A no brainer when we were kids, being ourselves. When we didn’t care about what others thought, when we had no one to impress, no social norms to fit into. When societal stigmas weren’t a thing we even knew about.
But as we start to grow older this begins to change. We start looking at the popular group at school. We start to become aware of bullying. We begin to wonder what girls might think of us (or guys, whatever your gender/sexual preference) and we start thinking about how our peers perceive us.
Some of us also begin to get pressure from our parents. We want to live up to their standards, be that academically, socially or on the sports field. They begin to get competitive for us. Most times this comes from a place of care, as parents naturally want us to live a good life so worrying is inevitable.
And so we start to form an internal ideology of how we externally want to be perceived.
Now I know this isn’t the case for everyone, some people go through life so true to themselves it’s admirable.
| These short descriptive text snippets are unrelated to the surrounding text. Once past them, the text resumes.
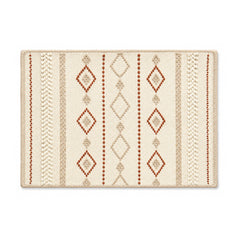 Ivory and terracotta boho diamond textured bath mat on white background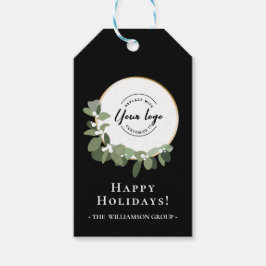 Happy Holidays Modern Wreath Custom Business Logo Geschenkanhänger
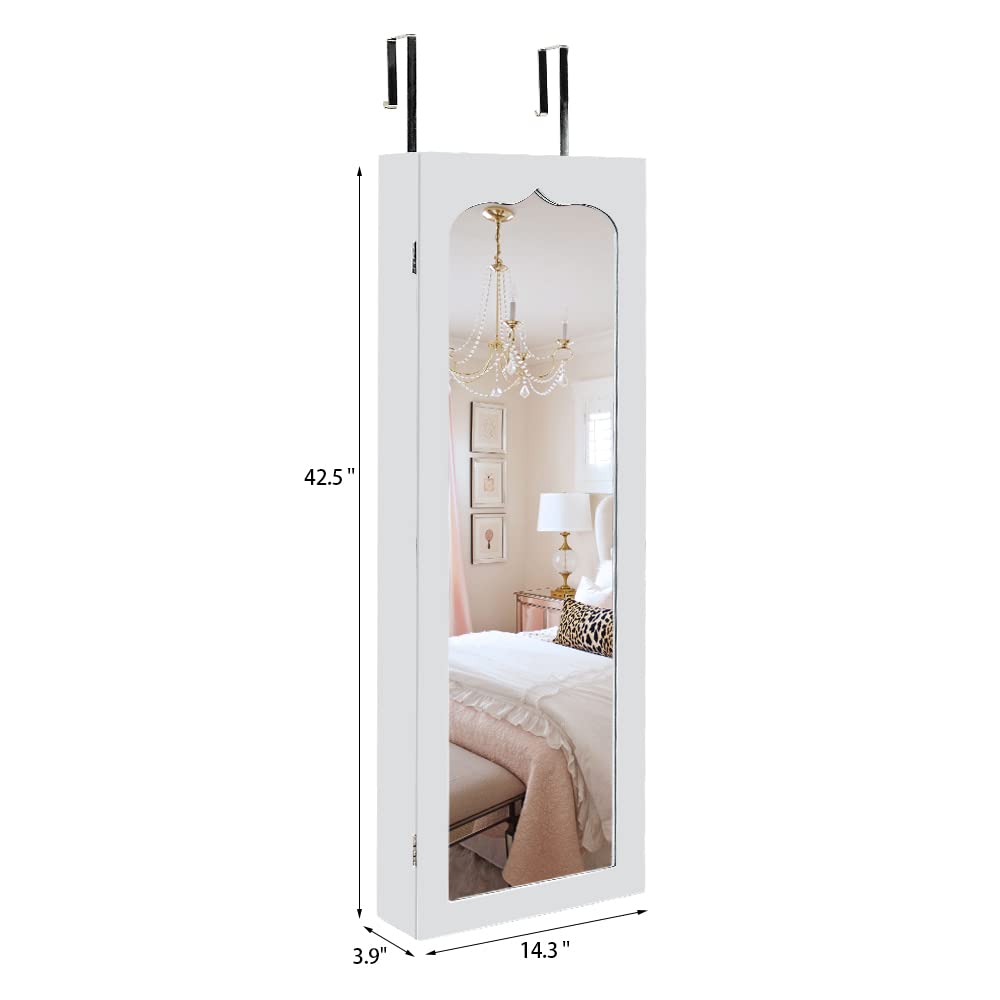Full Length Mirror Jewelry Cabinet - 4-Layer Shelf Wall Mounted Jewelry Organizer with 8 LED Lights - Jewelry Armoire with Mirror And 6 Drawers - Wall and Door Hanging Jewelry Organizer - White WEI WEI GLOBAL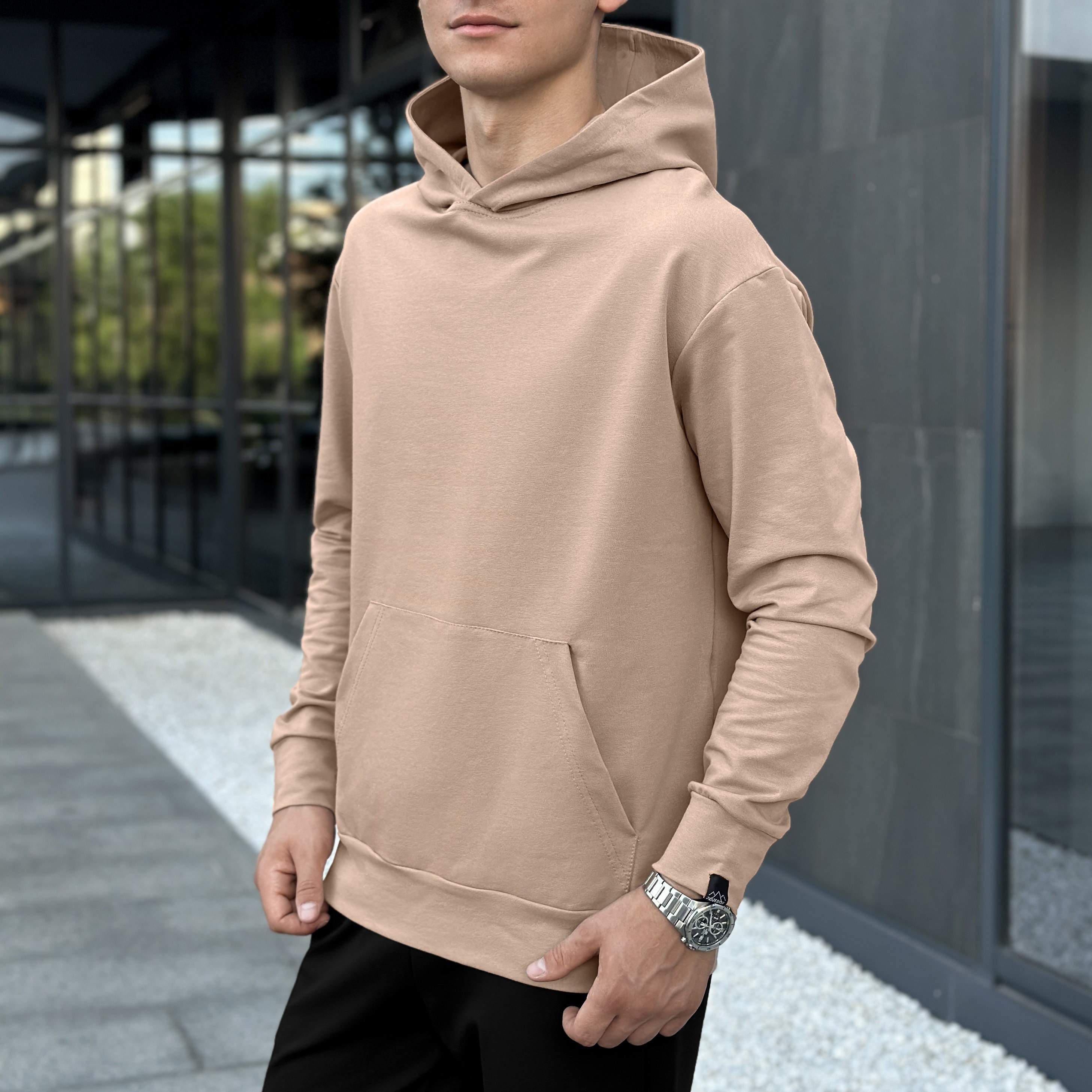 Чоловіче демісезонне худі з капюшоном бежеве Pobedov 001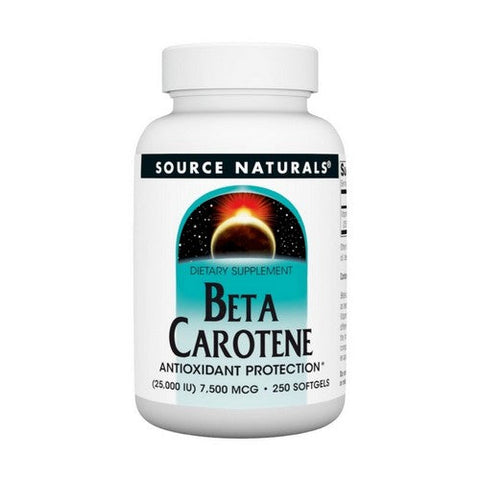 Source Naturals, Beta Carotene, 25000 IU, 250 Softgel Source Naturals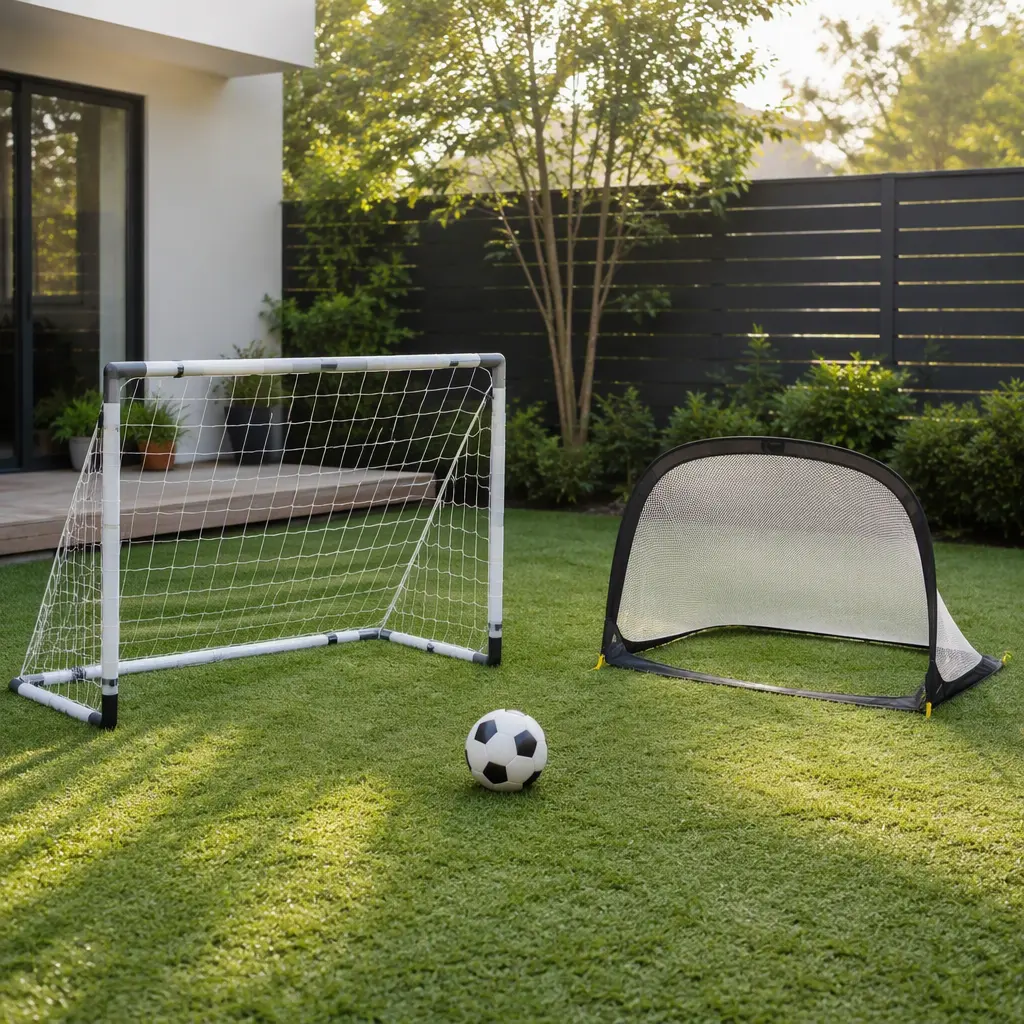 Foldable soccer goal and pop-up soccer nets in a small backyard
But for me this was not the case and I can only speak from my own experience.
My life so far has been a series of extreme ups and extremes downs and filled with heaps of change. I have been faced with far more challenges than I ever anticipated, and because of that, “being myself” has proven harder than it sounds. I have been torn up, put back together, rattled and shoved out my comfort zone one too many times and along the way, I feel as though I have totally lost myself.
I know what I used to be like – care free, ambitious, and uncomplicated, but that guy is but a memory now. Moving overseas, moving back home, and then back overseas again, all whilst battling an eating disorder, losing my mother and being riddled with anxiety, away from my family and friends, I fell apart.
Its been interesting, trying to “find myself” again. I have found it hard making friends in my new home because of this. I have met a handful of true gems that have, in ways they don’t even know, helped put me back together. But that’s only half the battle and damn do I have a LONG way to go.
But my strategy for doing this, finding myself so I can be myself, is by dipping my feet into doing the things I used to love before shit hit the fan. Immersing myself in music, singing, reading, going to live events, theatre, gigs. As well as new things I have learnt to appreciate. Long walks, nature, yoga and meditation.
And saying yes more often. It may sound cheesy, but Jim Carrey was onto something with his film Yes Man. Overtime I have become used to saying no to things almost as a reflex. Because my anxiety got so bad and because my comfort zone was all the norm I had left. I am very aware that I won’t always get it right, but the intention is there.
For many people, something that sounds as easy as just being yourself is very difficult, and because of this it can leave one feeling defeated and useless. This is something that shouldn’t really be overlooked as being trivial, and I hope we can learn to grasp the complexity of it and approach it with a little more care.
Because when we don’t, we are putting someone’s feelings and battles down which ends up in loneliness and a hesitance to speak up and ask for help, and that’s where the real problems start.